Marra Ada · Nationalrat · 2011-12-12
Marra Ada · Nationalrat · Waadt · Sozialdemokratische Fraktion · 2011-12-12
Wortprotokoll
Une minorité de la commission demande de diminuer de 35 millions de francs supplémentaires au total les crédits inscrits à la position 420.A2310.0166 "Requérants d'asile: charges administratives et aide sociale aux cantons" et à la position 420.A2310.0167 "Réfugiés: coûts de l'aide sociale, de l'encadrement et coûts administratifs".

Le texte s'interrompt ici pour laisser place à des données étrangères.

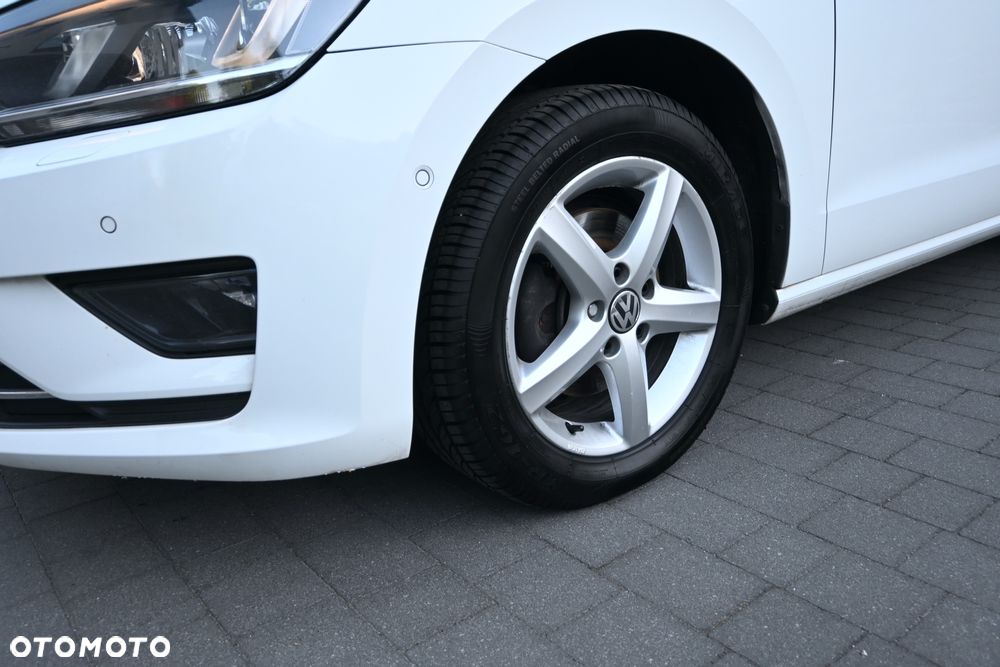 Volkswagen Golf Sportsvan 2.0 TDI BlueMotion Technology DSG Lounge - 38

Deux attitudes peuvent prévaloir en matière budgétaire: une attitude qui consiste à pratiquer la politique de la terre brûlée, dans laquelle la conception UDC de l'asile l'emporterait; une autre attitude qui se veut responsable des faits et de la situation, qui est celle de la Confédération et des cantons aujourd'hui et maintenant. Il y a eu cette dernière année une hausse raisonnable du nombre de requérants d'asile en Suisse due à la situation agitée en Afrique du Nord et dans d'autres endroits du globe. Le devoir de la Confédération est de traiter au mieux ces demandes d'asile. Certes, des améliorations ou des perfectionnements peuvent être apportés. C'est ce qui sera fait ces prochaines années, en tout cas en ce qui concerne l'efficacité de la procédure de renvoi.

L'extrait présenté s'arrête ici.